Dalrymple not running for re-election
North Dakota Gov. Jack Dalrymple will not seek re-election next year.
The Casselton Republican and former state House Appropriations Commiuttee chairman served as the state’s Lieutenant Governor from 2000 to 2010. He became Governor when John Hoeven won a US Senate seat. Dalrymple was elected in 2012. He has been Governor during a huge expansion of the state’s oil industry, and during a time of high crop prices. And the state has the lowest unemployment rate in the country.
“In a lot of ways, it’s very fun to go to a conference of the national Governors, and have all the Governors k now that we are at the top of the list," Dalrynple told reporters.
Dalrymple presided over a period of prosperity that he termed a “golden period” for North Dakota, with the oil boom and good crop prices.
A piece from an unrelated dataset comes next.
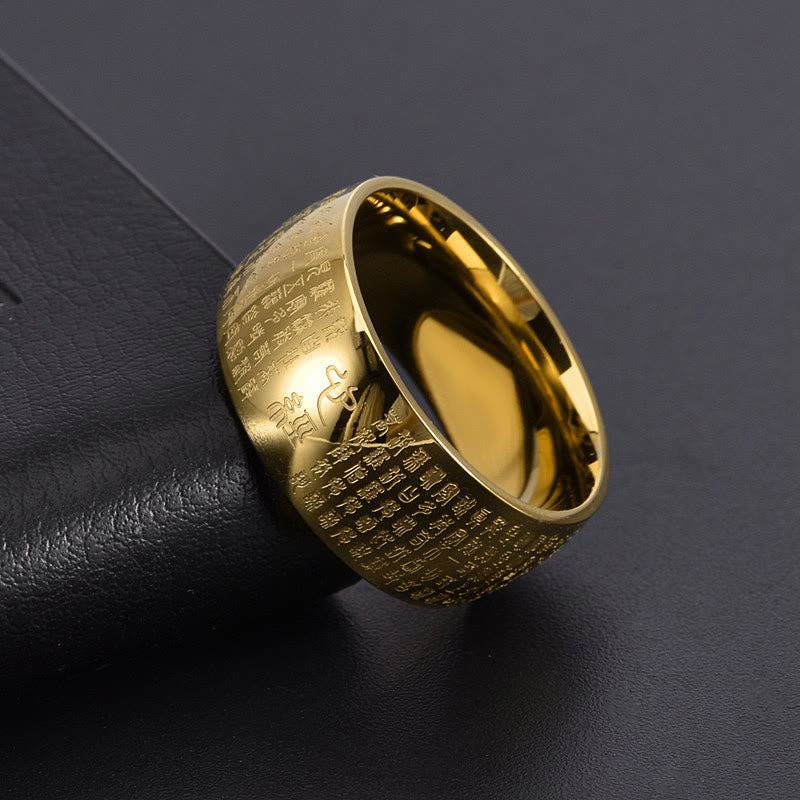 Tibetan Seal Heart Sutra Titanium Steel Balance Ring - Image 3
He says during that time, the state was able to accomplish a lot.
"The infrastructure investments across the state will go down in history as the strongest period of state investment," said Dalrymple. "Of course, the amount of tax relief is something I hope people never forget."
Dalrymple says under his administration, income and property taxes have been cut by $4.2 billion.
Dalrymple governed during a time of major economic expansion, fueled by the Bakken shale play. But that also brought challenges, such as natural gas flaring, which skyrocketed. Dalrymple pushed for new regulations to reduce flaring and to reduce the volatility of Bakken crude.
"Really, we have tackled these impacts if rapid growth on all fronts," said Dalrymple. "We've made great progress. And we're going to see more progress in the coming months."
Dalrymple and First Lady Betsy Dalrymple plan to return to their farm in Casselton. But he says the next 16 months will be very busy – and he has a number of goals he wants to accomplish before he leaves Bismarck. He will be putting an executive budget together, and will present it to the Legislature’s pre-session in December, 2016 – just before he leaves office.